Output only the lines from the start of the entries through the line holding "InFansoEssential Oil Diffuser". Each line must match the original exactly.
═══ Material for the task ═══
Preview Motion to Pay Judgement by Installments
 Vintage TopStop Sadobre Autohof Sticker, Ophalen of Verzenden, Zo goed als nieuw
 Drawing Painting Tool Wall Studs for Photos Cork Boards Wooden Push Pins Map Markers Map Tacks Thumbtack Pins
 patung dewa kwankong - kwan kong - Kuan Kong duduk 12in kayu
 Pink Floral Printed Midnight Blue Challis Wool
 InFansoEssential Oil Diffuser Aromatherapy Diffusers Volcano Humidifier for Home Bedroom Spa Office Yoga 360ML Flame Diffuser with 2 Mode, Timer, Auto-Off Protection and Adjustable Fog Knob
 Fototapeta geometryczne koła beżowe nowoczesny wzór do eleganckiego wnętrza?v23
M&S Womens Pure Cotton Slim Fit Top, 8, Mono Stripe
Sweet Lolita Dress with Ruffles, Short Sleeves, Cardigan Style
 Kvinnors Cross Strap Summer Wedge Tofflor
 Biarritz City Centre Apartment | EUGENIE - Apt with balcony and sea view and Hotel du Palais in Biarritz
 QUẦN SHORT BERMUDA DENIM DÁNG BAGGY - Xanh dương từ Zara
═══
• _Task response_
Preview Motion to Pay Judgement by Installments
 Vintage TopStop Sadobre Autohof Sticker, Ophalen of Verzenden, Zo goed als nieuw
 Drawing Painting Tool Wall Studs for Photos Cork Boards Wooden Push Pins Map Markers Map Tacks Thumbtack Pins
 patung dewa kwankong - kwan kong - Kuan Kong duduk 12in kayu
 Pink Floral Printed Midnight Blue Challis Wool
 InFansoEssential Oil Diffuser Aromatherapy Diffusers Volcano Humidifier for Home Bedroom Spa Office Yoga 360ML Flame Diffuser with 2 Mode, Timer, Auto-Off Protection and Adjustable Fog Knob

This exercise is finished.